Turner Prize 2018: The Shortlist
The Turner prize was set up to encourage a wider interest in contemporary art, something we feel very strongly about here at RB12.
Every year, the Turner prize is awarded to a British artist who has stood out with a recent project, rather than rewarding artists for a lifetime of work. This means that the winners aren't always famous, long-standing artist but could be up-and-coming and showing artistic breakthrough at any stage in their career.
There is a new panel selected every year, consisting of gallery directors, curators, critics and writers. This year's panellists are:
Oliver Basciano, art critic and International Editor, ArtReview
Elena Filipovic, Director, Kunsthalle Basel
Lisa Le Feuvre, Executive Director, Holt-Smithson Foundation
Tom McCarthy, novelist and writer
The jury is chaired by Alex Farquharson, Director of Tate Britain.
The Big Four
Four shortlisted artists have been selected for expressing and tackling pressing issues in today's society. Their works will be on show at the Tate Britain from Wednesday 26th September 2018 - Sunday 6th January 2019.
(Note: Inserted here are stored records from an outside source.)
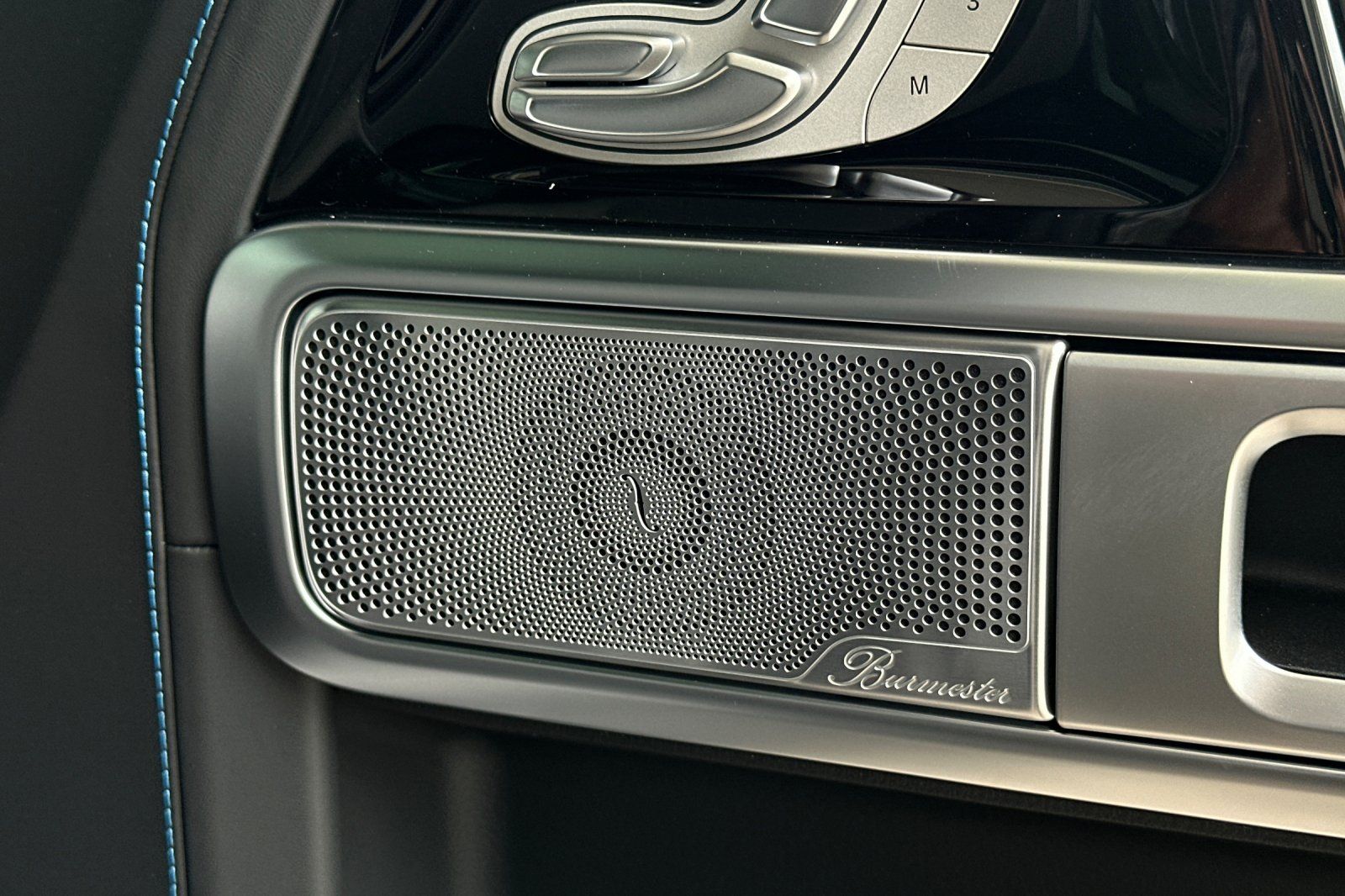 2025 Mercedes Benz G photo 5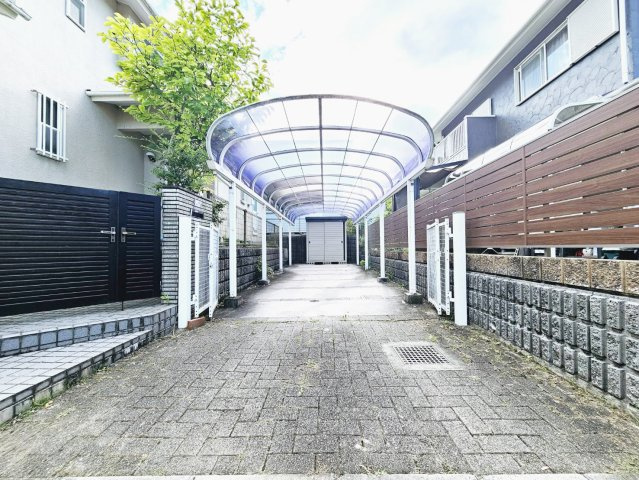 三田市けやき台４丁目の中古一戸建の駐車場|■カースペース2台。車種によっては3台可。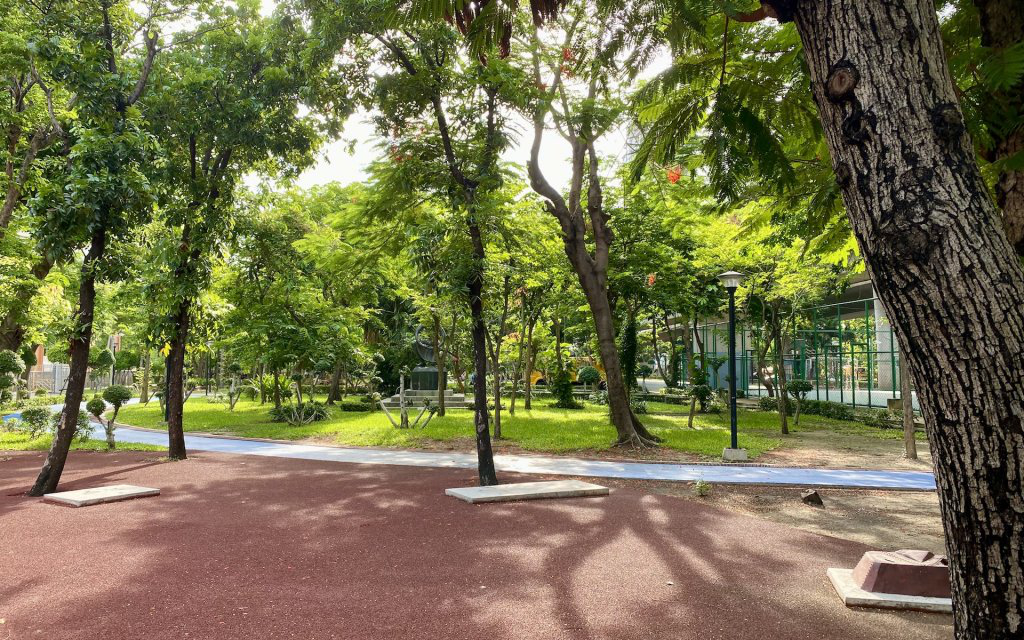 Suan Pa Chaloem Phrakiat Park in Bangkok
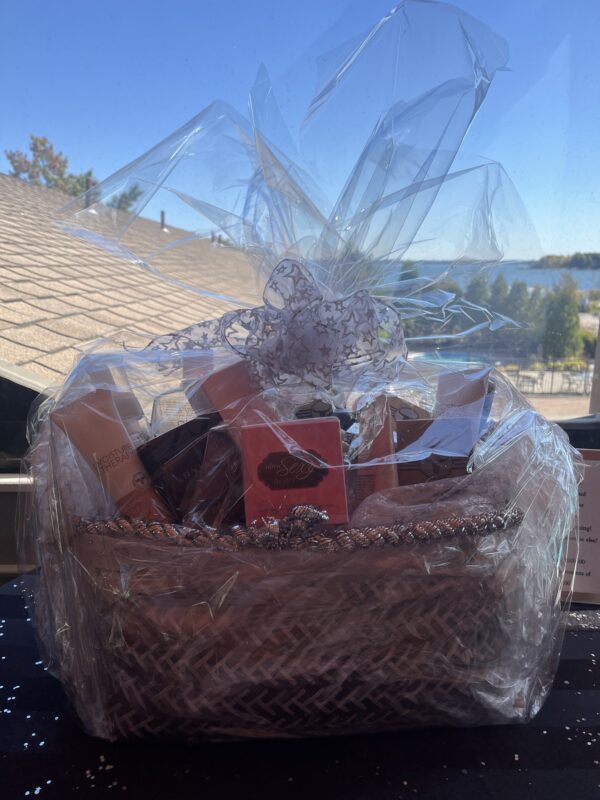 Gift basket, Avon multiple his and her and Spa products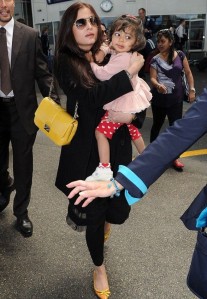 Ash-with-Aaradhya-at-Cannes-586x844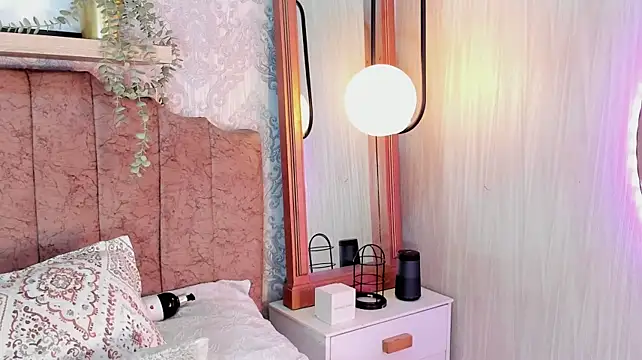 Nanami_ stripchat live cam model
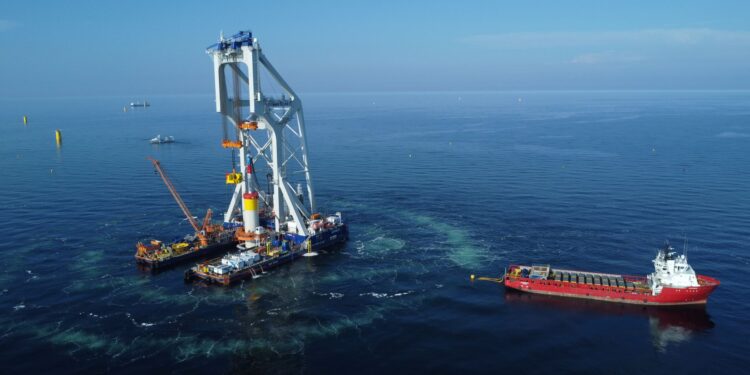 Są już fundamenty pod pierwszą morską farmę wiatrową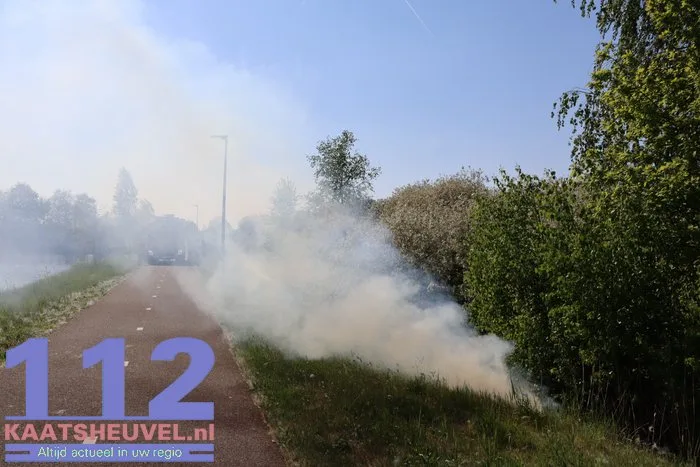 Brand naast het Halve Zolenpad, brandweer snel ter plaatse 112 De Langstraat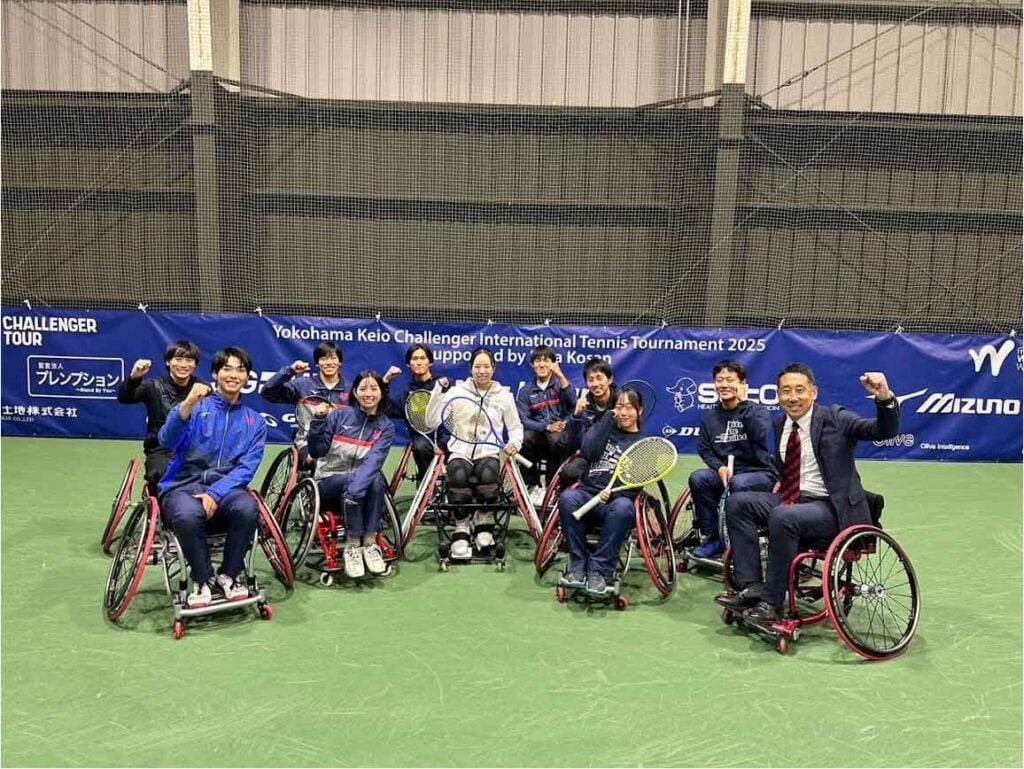 写真:車いすテニス事前学習会の参加者集合写真。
Let's take a quick look at the shortlist...
Forensic Architecture are based at Goldsmiths, University of London, and the group consists of architects, filmmakers, software developers, investigative journalists, lawyers and scientists. Their recent work has been developing pioneering methods for spatial investigations of state and corporate violations worldwide.
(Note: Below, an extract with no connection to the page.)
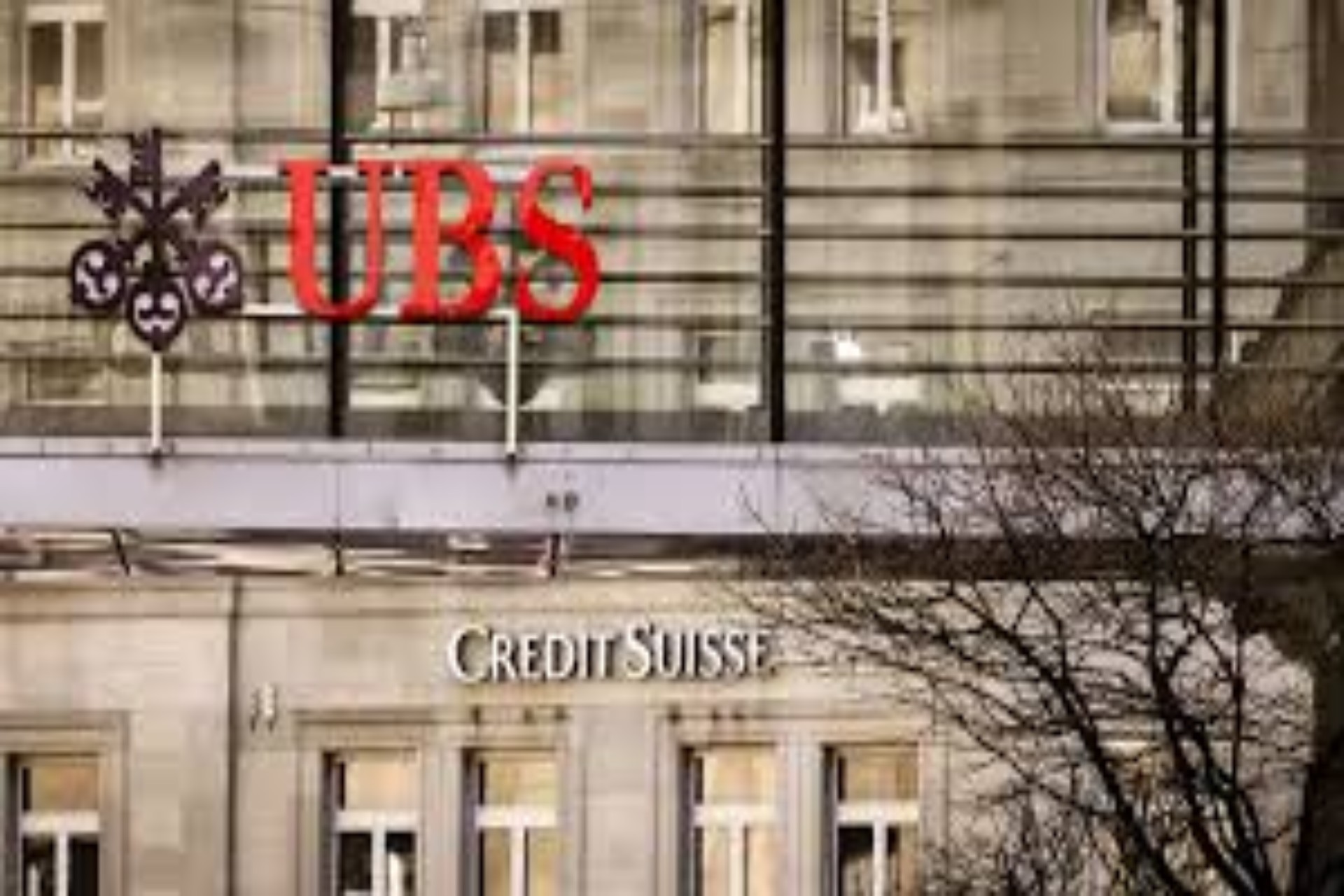 بنك UBS يخفض توقعاته لسعر النفط في الثلاث أعوام القادمة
Collage © Forensic Architecture, 2018
In a changing media landscape – epitomised by the availability of digital recording equipment, satellite imaging and platforms for data sharing worldwide – their work has already contributed to developments in the fields of human rights, journalism, and visual cultures.
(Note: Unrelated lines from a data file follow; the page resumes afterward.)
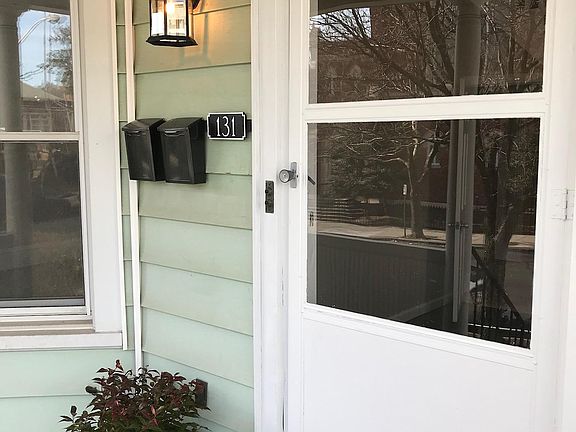 5th image of 131 Beekman Ave #1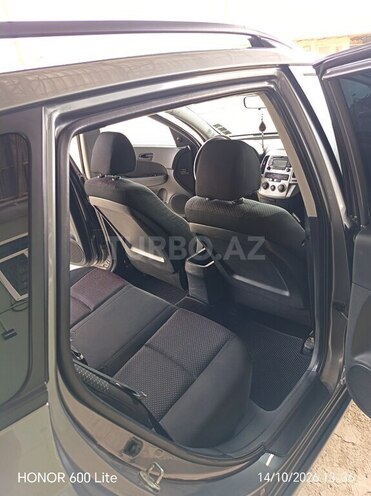 Hyundai i30 2011, 360,000 km - 1.6 l - Biləsuvar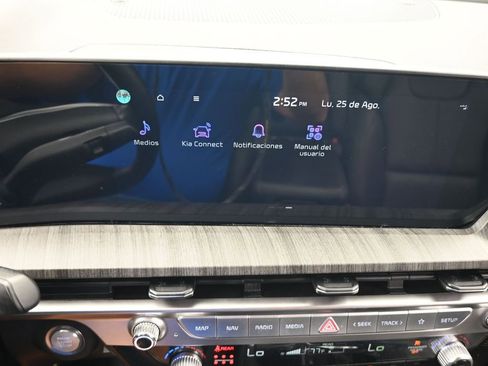 Used 2024 Kia Telluride EX image 24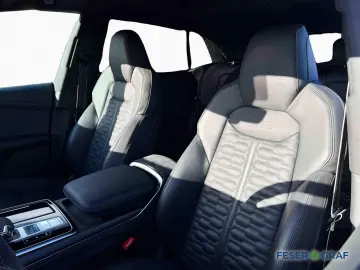 RSQ8 4.0 TFSI qu. - KERAMIK - PANO - ABGAS - AHK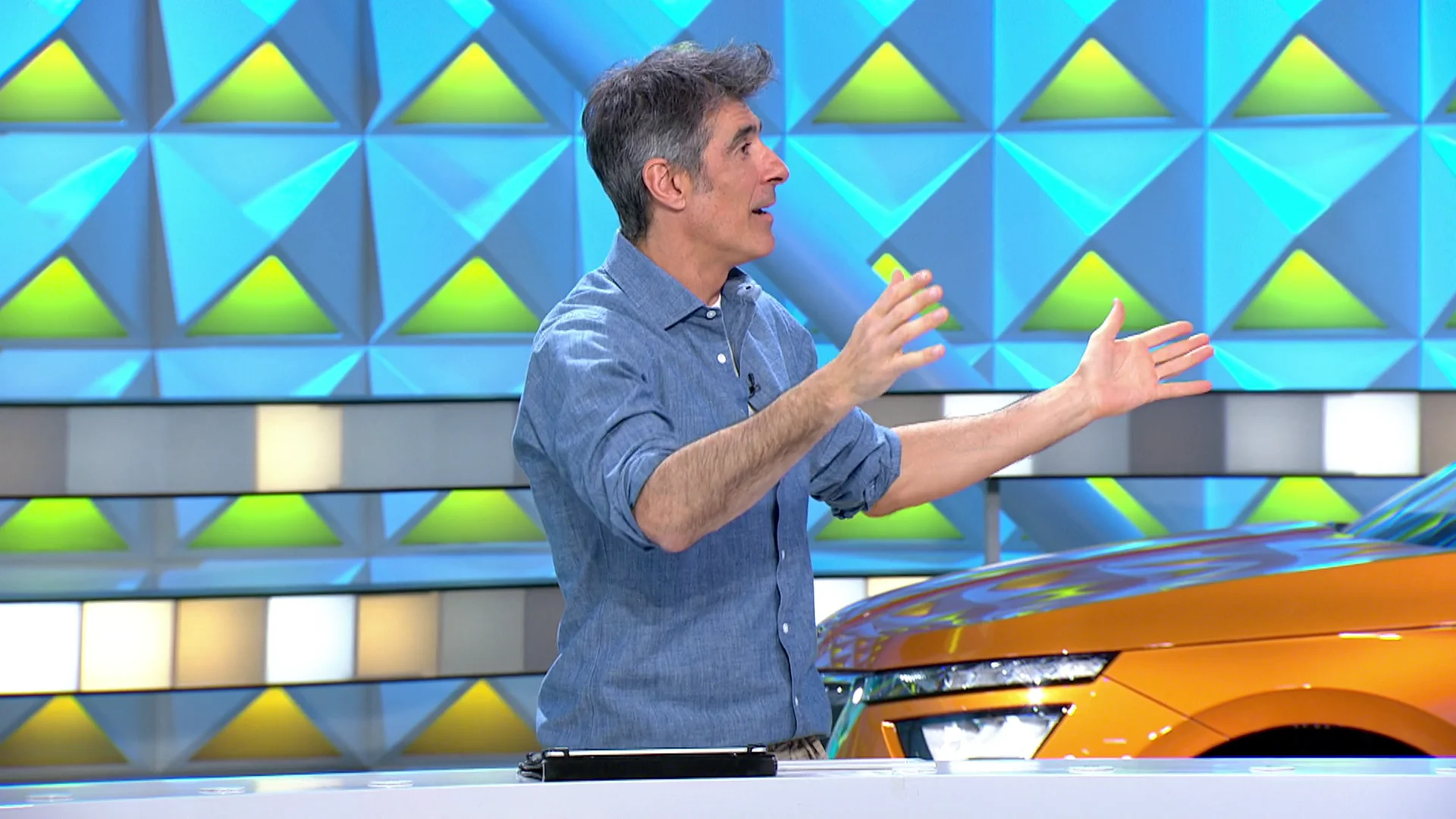 Jorge Fernández hace de director de orquesta con… ¡El ‘Feliz cumpleaños’ peor cantado de la historia! Jorge Fernández hace de director de orquesta con… ¡El ‘Feliz cumpleaños’ peor cantado de la historia!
Currently studying for a Phd in Anthropology at Columbia University, USA, Naeem Mohaiemen was born in London, but grew up in Dhaka, Bangladesh.
Naeem Mohaiemen, Tripoli Cancelled, 2017, single channel film. Commissioned by documenta 14. Co-commissioned by Sharjah Art Foundation and Art Jameel. Additional support by Locus Athens, Hellinikon AE, and Experimenter.
Through the medium of film, installations and essays, his highly-researched work combines his own autobiographical and family history. Naeem focuses on how national borders and passports shape the lives of people in turbulent situations. His work explores film archives and the way their contents can be lost or even fabricated and reanimated.
Born in Bournemouth, Charlotte works with moving image, printed image, sculpture and writing. Her latest exhibition; BRIDGIT/Stoneymollan Trail at Bergen Kunsthall, Norway (2017) comprising of two single-channel videos was the groundbreaking work that caught the panel's eye.
Charlotte Prodger BRIDGIT, 2016. Single channel video with sound, 32 Minutes. All images courtesy of the artist, Koppe Astner, Glasgow and Hollybush Gardens, London. Video Still.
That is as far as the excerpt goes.